━━━━━ Source data
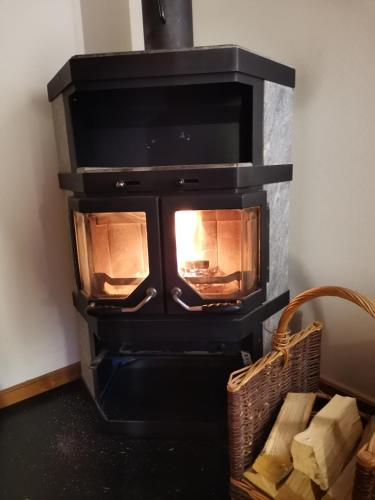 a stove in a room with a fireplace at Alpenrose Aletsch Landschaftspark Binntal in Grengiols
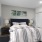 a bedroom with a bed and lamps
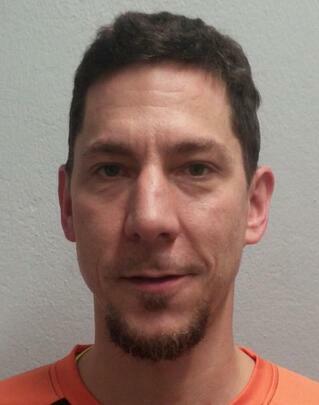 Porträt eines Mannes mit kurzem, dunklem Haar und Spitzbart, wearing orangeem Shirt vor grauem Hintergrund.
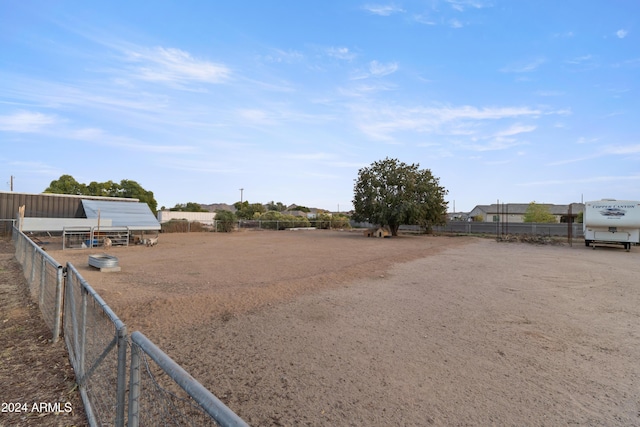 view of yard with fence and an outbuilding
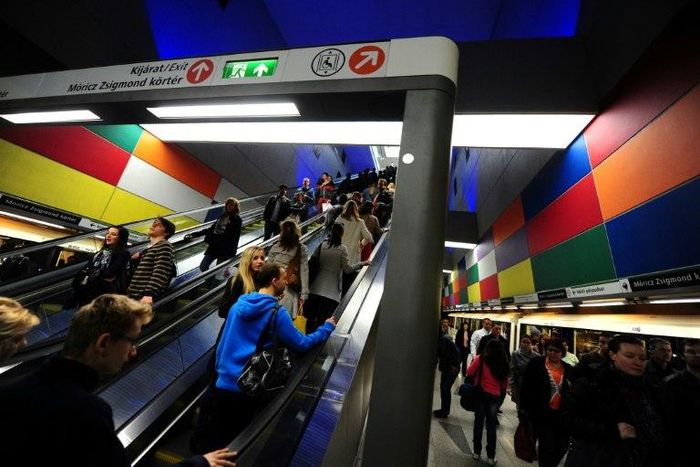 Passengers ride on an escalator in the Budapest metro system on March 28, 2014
━━━━━━━━━━
§ **Task item**: Give the entries again exactly. Pictures stay out.

§ **Output for this task**:
 a stove in a room with a fireplace at Alpenrose Aletsch Landschaftspark Binntal in Grengiols
 a bedroom with a bed and lamps
 Porträt eines Mannes mit kurzem, dunklem Haar und Spitzbart, wearing orangeem Shirt vor grauem Hintergrund.
 view of yard with fence and an outbuilding
 Passengers ride on an escalator in the Budapest metro system on March 28, 2014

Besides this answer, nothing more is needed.